RECORDS SUPPLIED ::

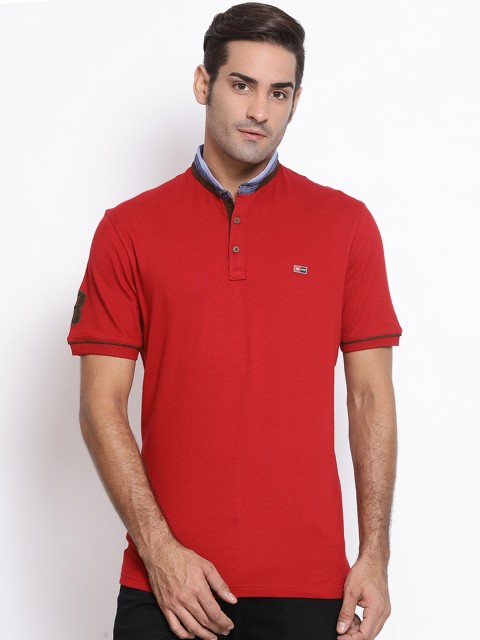 

SWISS MILITARY Men Red Solid Mandarin Collar Slim Fit Pure Cotton T-shirt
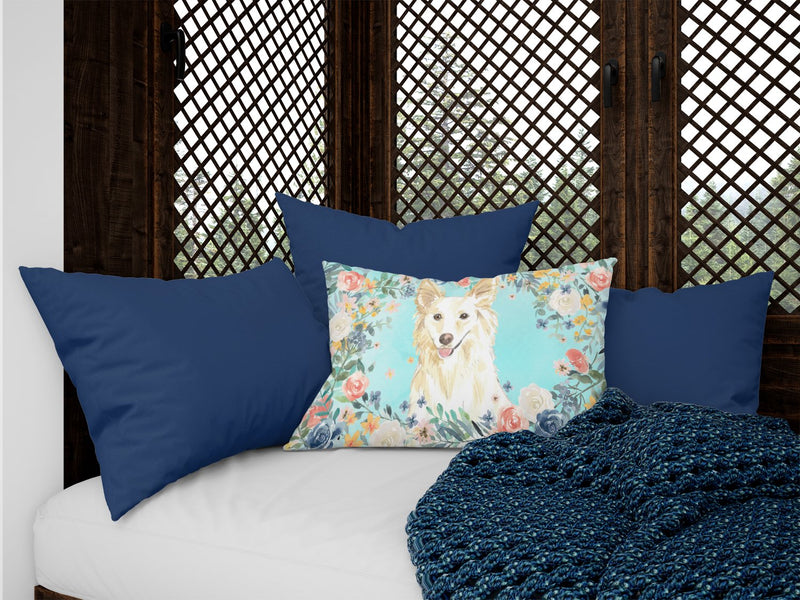 White Collie Canvas Fabric Decorative Pillow CK3403PW1216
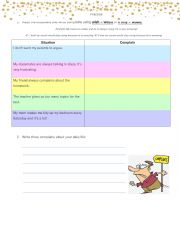 English Worksheet: Expressing Wishes and Complaints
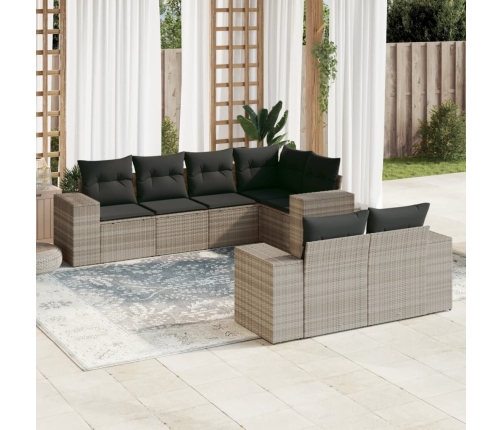 Set de sofás de jardín 7 pzas con cojines ratán PE gris claro
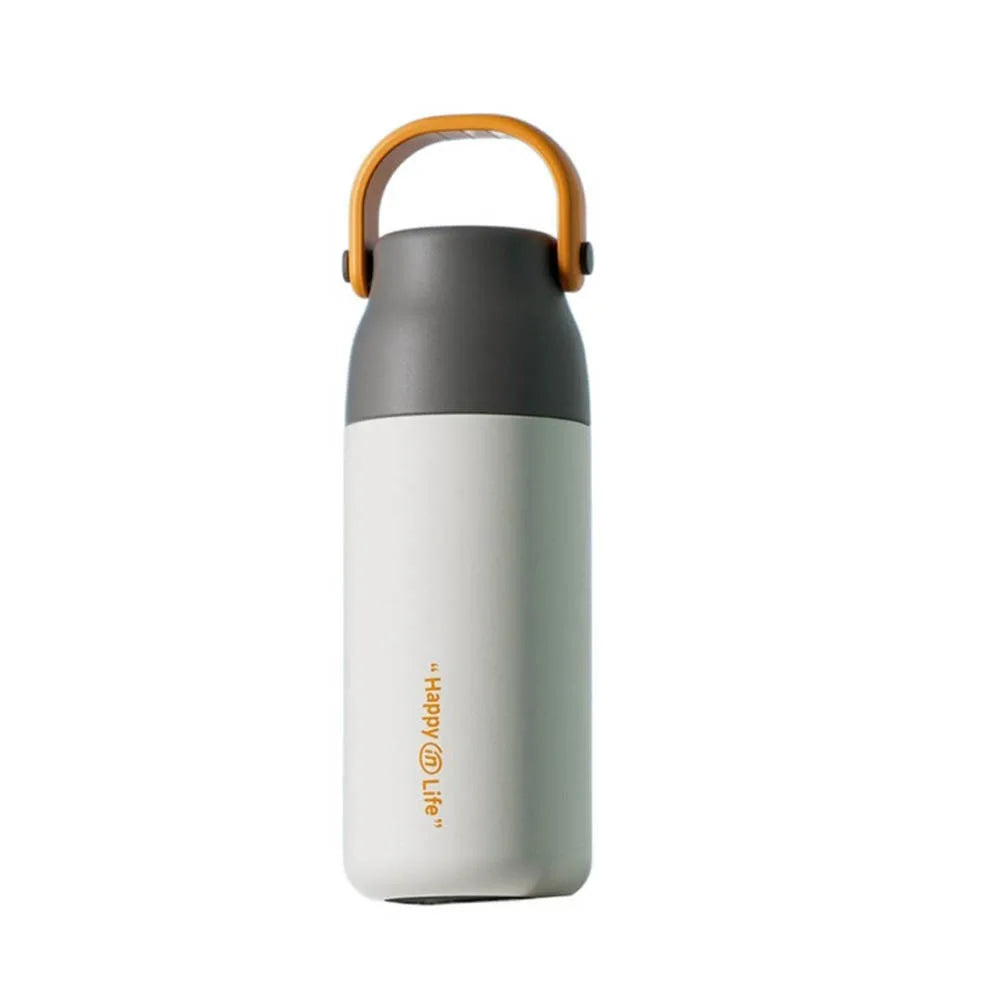 500ml Handheld Vacuum Thermos Bottle – 316 SS Interior, 360° Leakproof, CIQ Certified, Light Green/White/Orange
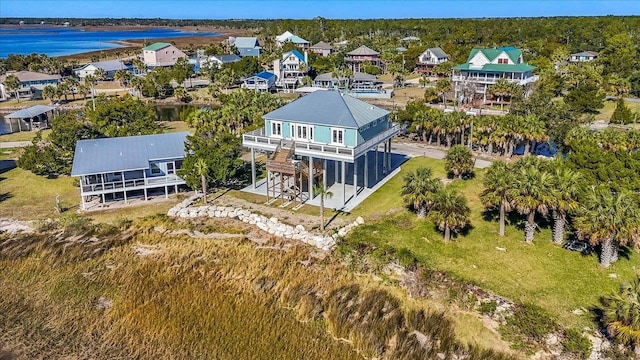 aerial view with a water view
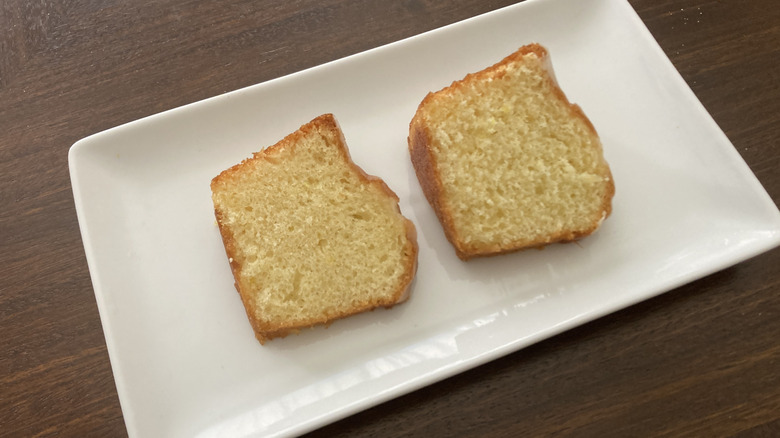slices of Kroger lemon pudding cake on plate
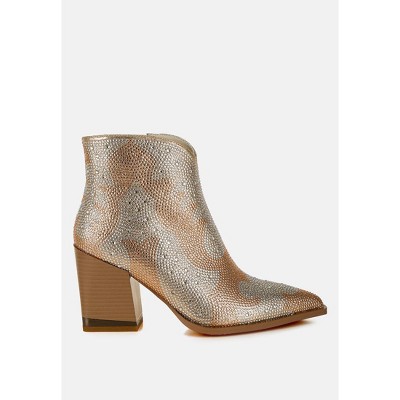 Mugler Rhinestones Embellished Ankle Women Boots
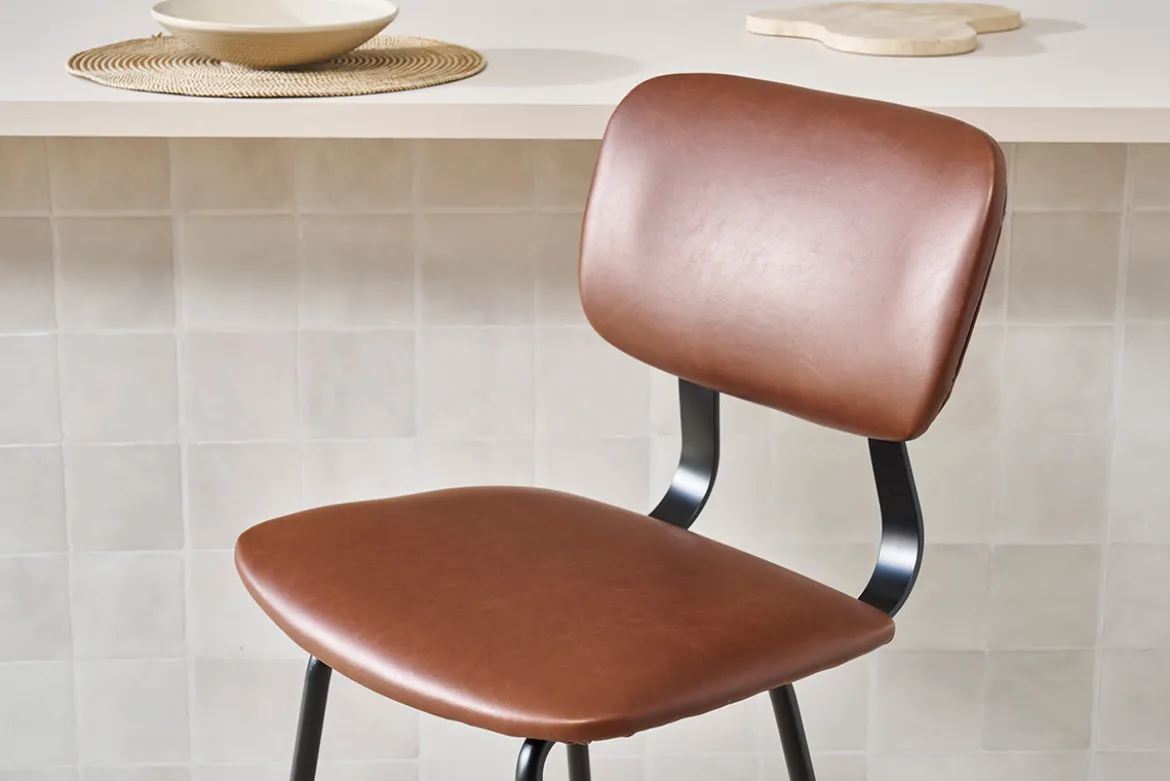 Tabourets de bar vintage marron clair avec pieds métal 65 cm (lot de 2) LAB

TASK ITEM ::
Repeat the listing above up to and including the line with "slices of Kroger lemon pudding cake on plate", starting from its first line. Drop any pictures.

RESPONSE BELOW ::
SWISS MILITARY Men Red Solid Mandarin Collar Slim Fit Pure Cotton T-shirt
 White Collie Canvas Fabric Decorative Pillow CK3403PW1216
 English Worksheet: Expressing Wishes and Complaints
 Set de sofás de jardín 7 pzas con cojines ratán PE gris claro
 500ml Handheld Vacuum Thermos Bottle – 316 SS Interior, 360° Leakproof, CIQ Certified, Light Green/White/Orange
 aerial view with a water view
slices of Kroger lemon pudding cake on plate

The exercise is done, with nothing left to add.